Il se redresse, et sa danse reprend plus loin : claquement de mains très  » black  » dès qu’il reconnaît un visage, pas chassé de basketteur émérite d’un  » Michael Jordan de la politique « , conclu par une accolade de patricien aux supporters de la première heure.

Il parle, écoute, répond, anime de brefs débats de tablées, laissant dans son sillage un bruissement de conversations et d’applaudissements. Les rares invités noirs, dans cet Etat très blanc, adressent des sourires de discrète connivence à ce monument de la méritocratie, activiste héroïque de Chicago et avocat chevronné sorti de Harvard.

Issu d’un rêve américain hybride et futuriste

Les Blancs, eux, perdent toute retenue. Des concessionnaires de voitures de Des Moines et de Sioux City, des blondes en tee-shirt tentent d’attraper par la manche un présidentiable de 46 ans issu d’un rêve américain hybride et futuriste : l’enfant d’une femme blanche du Midwest élevé à Hawaii et en Indonésie, dont le prénom arabe, Barack, signifie  » béni « , et Obama, le patronyme swahili, langue de son père, kényan,  » lance enflammée « .

Ils se reconnaissent en lui, ce Noir gentil, distingué et rassurant, surtout lorsqu’il monte sur scène, après le discours pourtant brillant de sa rivale Hillary, pour lui infliger un Pearl Harbor verbal. Son programme n’est pas si différent du sien, certes : assurance santé, meilleures écoles, regain de prestige international pour l’Amérique et retrait éventuel d’Irak.
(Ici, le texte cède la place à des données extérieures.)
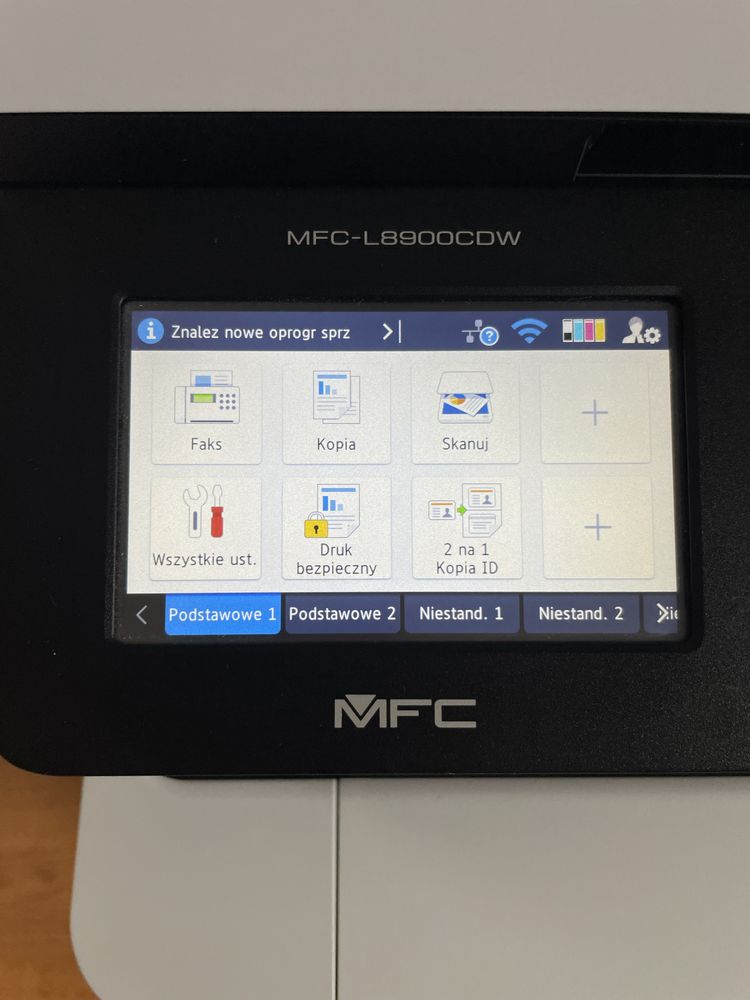 Drukarka, urządzenie wielofunkcyjne Brother MFC-L8900CDW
Mais c’est la musique qui est autreà Une voix de baryton, issue des prétoires et des églises baptistes noires de Chicago, qui vole plus haut que n’ont jamais rêvé les démocrates, brasse les symboles américains et les bons sentiments enfouis par sept ans de gouvernement Bush.

Cette magie lui a finalement offert une victoire écrasante le 3 janvier dans l’Iowa et, malgré une défaite de 3 points dans le New Hampshire, Obama attire toujours les foules et conforte les espoirs. Le 9 janvier, à Jersey City (New Jersey), aux portes de Manhattan et du fief de la sénatrice de New York, 2 000 personnes l’attendaient dans la rue, faute d’avoir pu entrer dans la salle, bondée, où se tenait le meeting. La passion de l’opinion rappelle le mythe Kennedy.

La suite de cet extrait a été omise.